Ohne Schaudern am Abgrund

Symphoniker unter Boreyko mit Spätwerken von Mahler und Schostakowitsch.

Düsseldorf. Mahlers Zehnte und Schostakowitschs 15. Symphonie bilden beim 3. Städtischen Konzert unter der Leitung von Andrey Boreyko in der Tonhalle eine Allianz letzter musikalischer Worte. Dadurch ergibt sich eine Konstellation von starker Spannung, die einmal durch die Kontraste der Personalstile entsteht, aber auch durch die Gemeinsamkeit des symphonischen Abschiednehmens. Mit den beiden Spätwerken geht jetzt auch der Düsseldorfer Mahler-Zyklus zu Ende.

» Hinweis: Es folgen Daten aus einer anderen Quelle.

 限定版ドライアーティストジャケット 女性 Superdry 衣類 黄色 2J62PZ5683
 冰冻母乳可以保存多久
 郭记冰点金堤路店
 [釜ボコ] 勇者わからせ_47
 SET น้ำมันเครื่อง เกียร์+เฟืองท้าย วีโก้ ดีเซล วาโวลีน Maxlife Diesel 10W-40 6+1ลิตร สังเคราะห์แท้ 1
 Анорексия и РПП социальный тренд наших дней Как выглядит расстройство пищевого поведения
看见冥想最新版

Die Symphoniker besitzen genügend Spielkultur für Mahler. Das Adagio der Zehnten können sie technisch sauber und musikalisch nuancenreich gestalten. Doch leider zündete es am Freitag nicht so richtig. Boreyko fiel zwar mal wieder durch eine ausgetüftelte Zeichengebung auf, bei der man auch ahnt, wohin er will, ein entsprechendes Ergebnis dann aber nicht so richtig hört. Es sieht manchmal aus, als sei der Dirigent durchströmt von rhythmischen Feinheiten und einer spezifischen Klangvorstellung.

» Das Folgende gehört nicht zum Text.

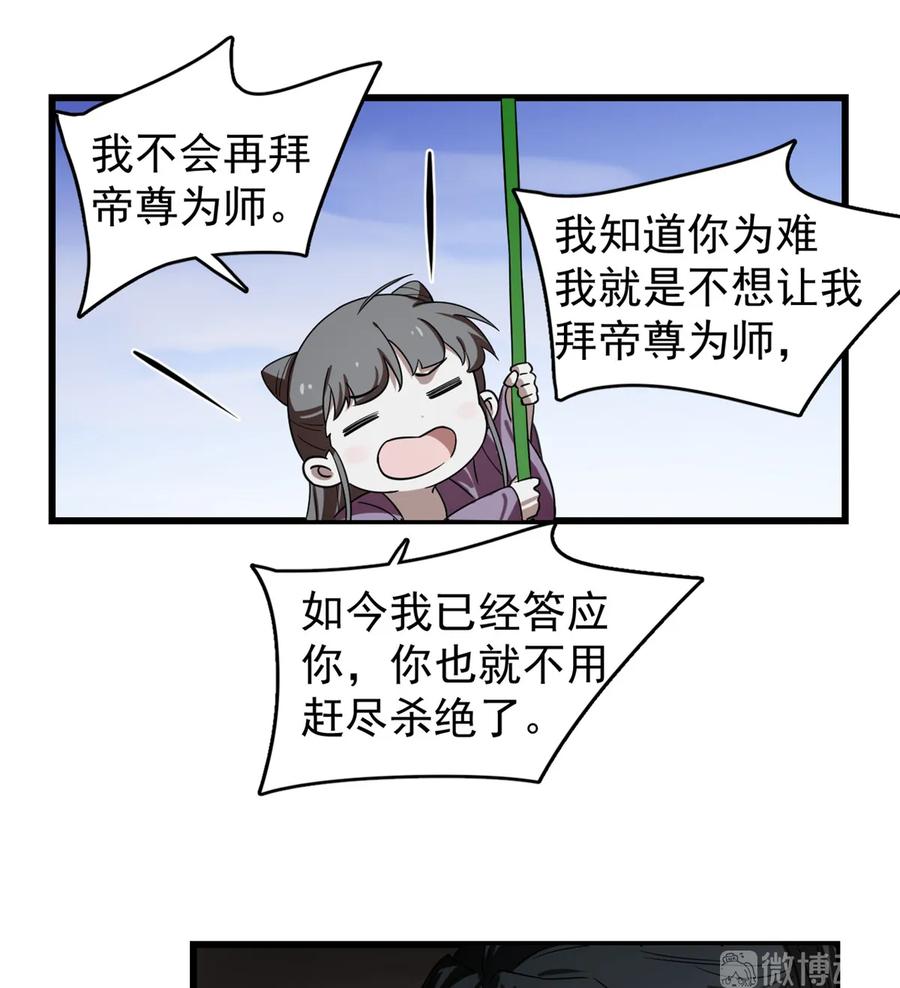 毒步天下：特工神医小兽妃173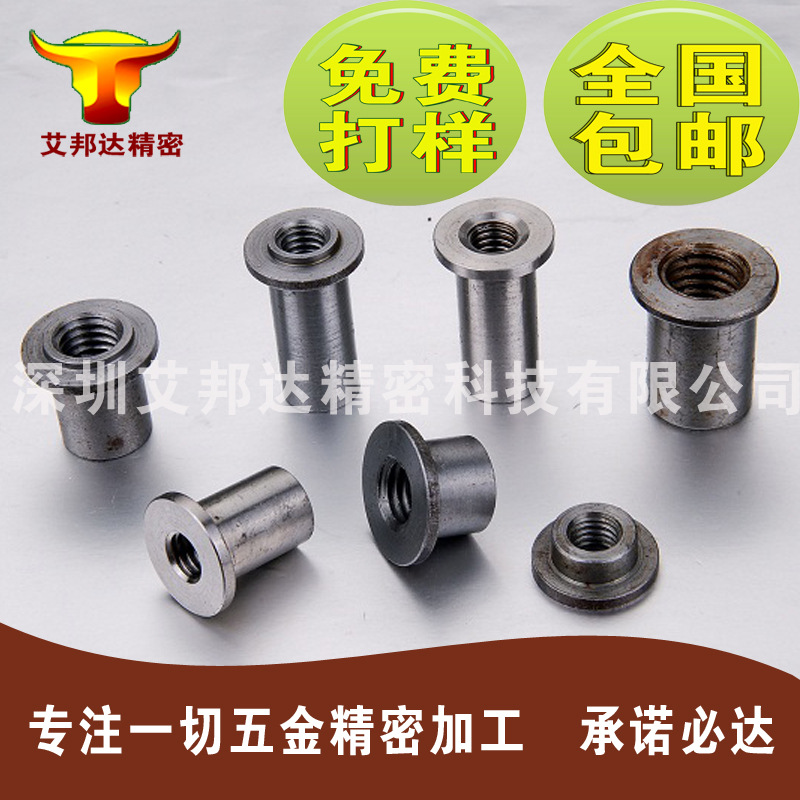 耐磨銅套 滑動軸承 止推 凸輪 軸承套 自潤滑軸承 石墨 復合軸承批發・進口・工廠・代買・代購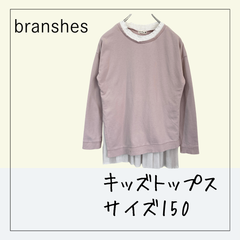70325 ★ キッズ トップス【branshes】150 長袖 チュニック ピンク PINK サーモンピンク フェイクレイヤード レイヤード風 フリル スリット f袖ゴム 袖リブ USED 古着
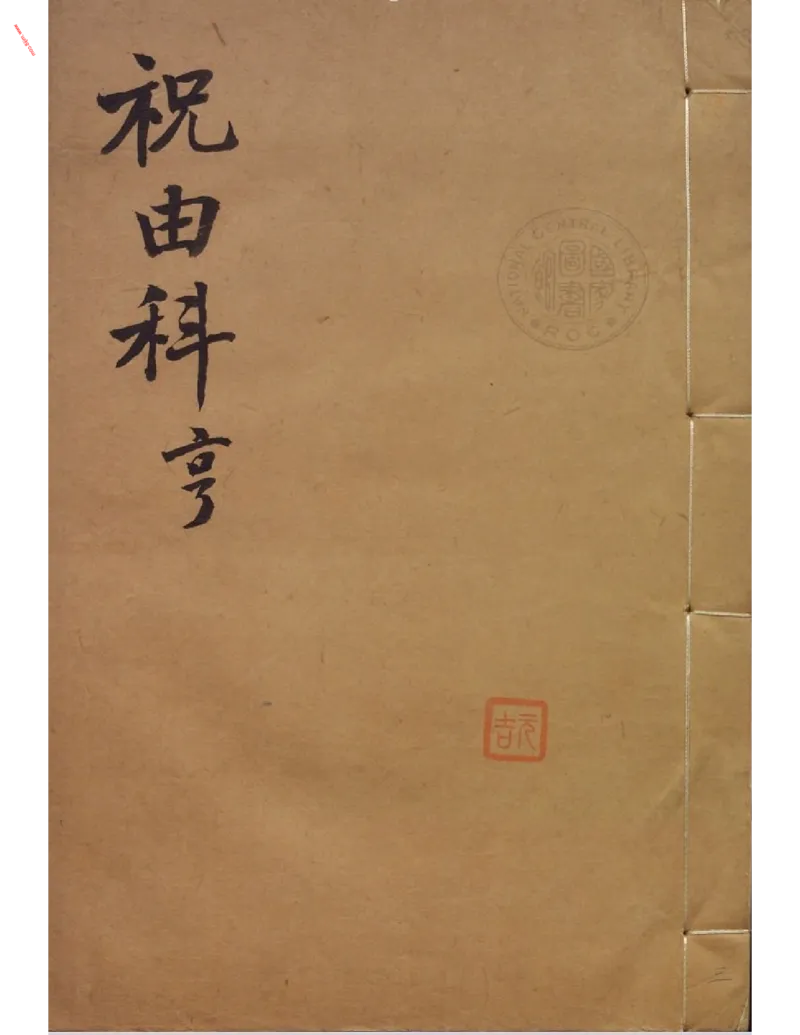 MK_LY84祝由科.秘诀奇书.乾元亨利贞三册_绝版书_天涯系列_t涯_绝版古籍电子书合集（13大类）_祝由全套_祝由科.秘诀奇书.乾元亨利贞版无水印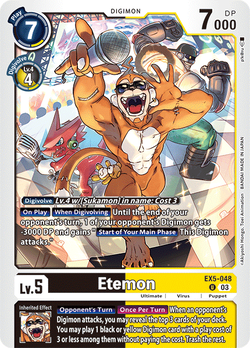 Etemon EX5-048 image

Aber die akustische Verwirklichung will nicht hundertprozentig gelingen. Heraus kam nun ein Mahler ohne grobe Schwächen, aber auch bar einer besonderen Magie. Das symphonische Formgebilde entfaltete nicht die rechte Spannkraft, thematischen Entwicklungen fehlte das Zwingende. Vor allem dem dynamischen Höhepunkt mit seinem dröhnenden Moll-Akkord, der so packend schauerlich die Tonarten durchwandert und sich mit Dissonanzen anreichert, fehlte es an Wucht. Das ist eine Stelle, die kann so erschreckend wirken, als blicke man in einen Krater mit dunkel glühender und wabernder Lava. Doch vor dieser Passage, wie sie jetzt erklang, gruselte man sich nicht mehr als vor einem Maar in der Eifel.

Einfallsreicher und mitreißender musiziert man in der Schostakowitsch-Symphonie, der letzten des russischen Komponisten. Mit diesem Opus aus dem Jahr 1971 schließt sich das Kapitel der großen russischen Symphonien, das ein Jahrhundert zuvor bei Tschaikowsky seinen Anfang nahm. Es schien, als würde das Orchester dem Dirigat jetzt mehr Aufmerksamkeit schenken. Die heiteren Rossini-Zitate (der populäre Tell-Galopp) kamen mit Spielwitz daher und die von beklommener Endzeitstimmung kündenden langsamen Sätze brachte man bewegend zum Sprechen.